Just a few days ago, the topic of grief and coping came up in conversation with a dear friend of mine. He had also lost his significant other, quite suddenly in an auto accident. He was asking me about how I dealt with grief, and if I had any advice to share. I really didn’t have much of great worth to share, in my opinion. And I hate that. Because I know what it must take to ask that question of another, when your heart is aching.
Let’s talk about muscle.
My friend Amber’s guns. She’s incredible. ❤
What I did say to my friend, that he sweetly called a beautifully accurate description, is that in my experience grief is a lot like a muscle. We all have it. And when we use it, when grief and death and loss occurs, our muscle fibers and flesh rip, tear, and break. It hurts. It burns. Then, our body miraculously attempts to heal this tear, to make repairs, and in turn the muscle gets stronger. It is a never ending process though. Ripping flesh, healing, tearing muscle, repairing.
We experience setbacks, more tears, sprains, strains, and aches. But that muscle gets stronger throughout it all. Grief and memory hurt. Always. But….to me, it almost becomes a natural movement, moving with that ever-present grief. We find a groove, moving in and out of sadness and heartache and strength. Graceful in a way, with moments of clumsiness and brief episodes of panicky free-falls. And then, one day, you find yourself doing something that not long ago would’ve sent you into a bawling messy heap on the floor, and you realize that you are doing it and doing it competently, and that once in a while, it almost feels…well, good. Good is not the right word though, is it? More like…familiar. Becoming familiar.
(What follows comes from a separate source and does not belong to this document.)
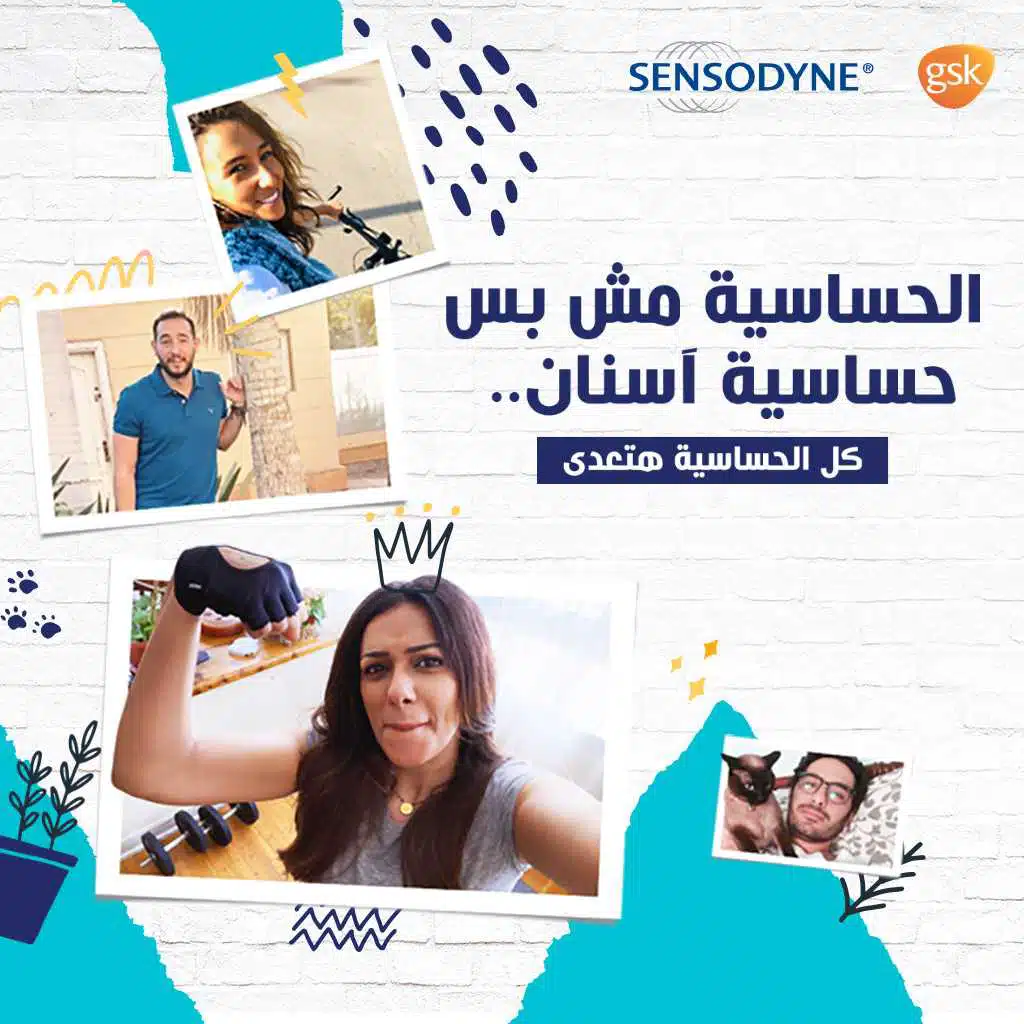 متبقاش حساس(مع أحمد الروبي)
You’ve now trained your body to cope in new ways. Ways that only someone who has ever experienced a great loss can begin to comprehend.
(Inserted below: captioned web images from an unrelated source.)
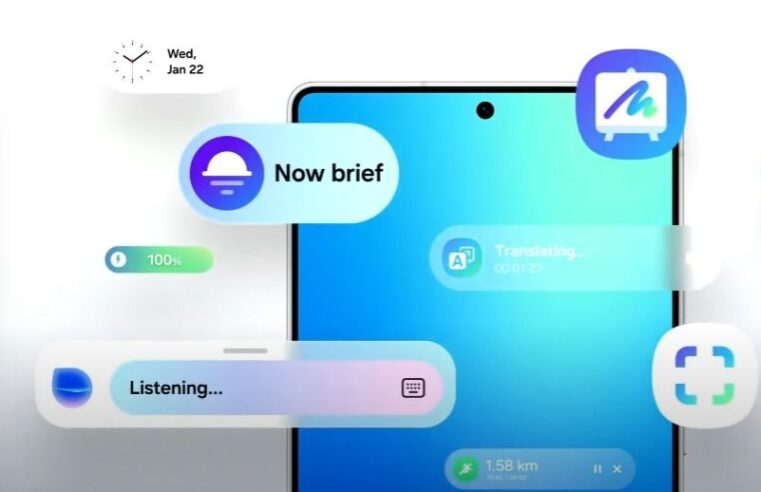 Galaxy AI ganha resumo personalizado, assistente de desenho, integração com Gemini e mais
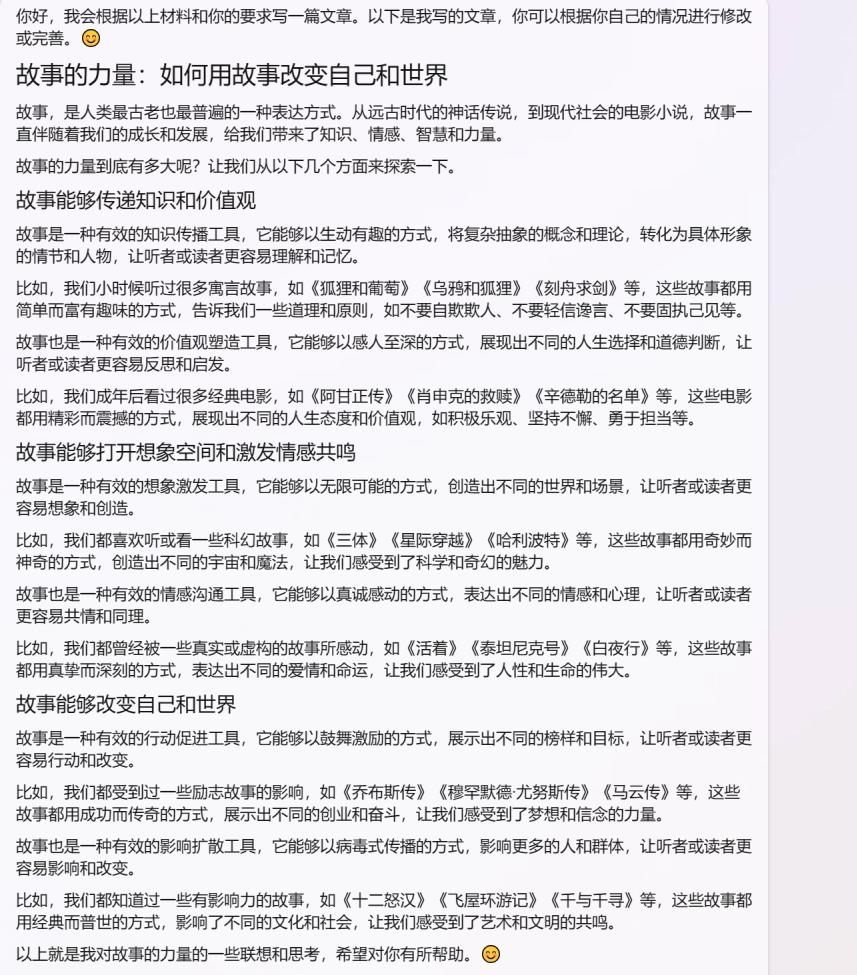 提升AI写作能力：全方位攻略与技巧，助力打造高质量作文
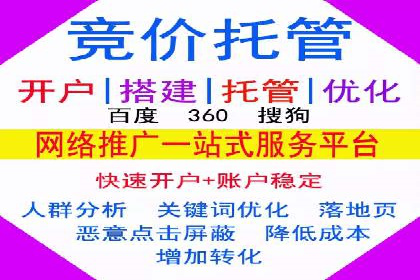 百度推广代运营全解析：从零到一的营销策略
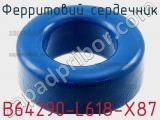 Ферритовий сердечник B64290-L618-X87 фотография 2.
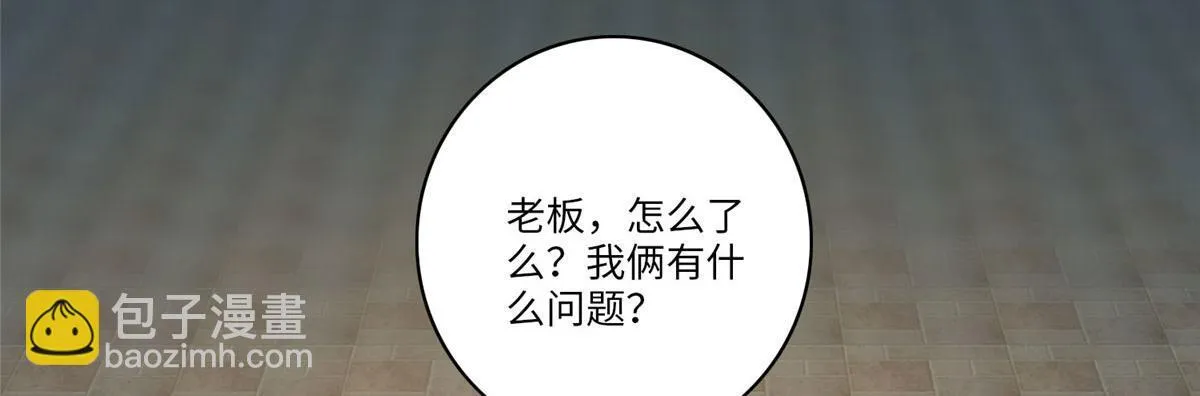 第六十二话 第80页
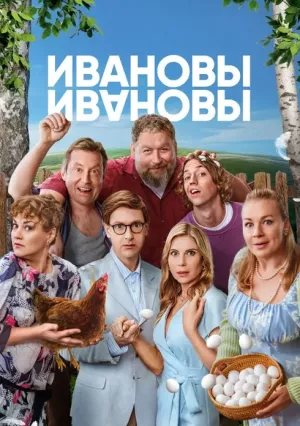 Ивановы-Ивановы 8 сезон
Grief can show up anytime. Feelings of loss can hit anyone. It isn’t just those expected big events, anniversaries, and memories that work that muscle, either. It shows up in a million little ways, as well. The memories that show up unannounced and barge right in on you when you’re in the middle of a speech and your voice breaks. The too-vivid dreams that wake you up feeling too-strong longing juxtaposed with a hint of thankfulness. The moment when you glance across the restaurant and see someone spooning sugar into their coffee in the exact same way as your lost loved one, and you drop your own spoon with a clatter. The child whose grin echoes another one that you haven’t seen in years and for a moment you can’t breathe. Overhearing someone calling their child by a nickname that your deceased parent used to affectionately refer to you, and your heart skips a beat. A million little ways that rip that flesh over and over and over again.
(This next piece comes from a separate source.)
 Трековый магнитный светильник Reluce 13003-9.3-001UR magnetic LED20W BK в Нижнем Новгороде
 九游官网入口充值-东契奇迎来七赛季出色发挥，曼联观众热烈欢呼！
Grief is personal. Loss is personal. Ultimately, it is us. It is me. It is you. You and your loved one. The best any of us can do for someone grieving is to listen and to be there, open arms. Your grief muscle is growing and growing, and you will need that support system and those understanding hearts around you – to hold you up when weak, to lend a hand when needed, to admire your strong muscles that you are building.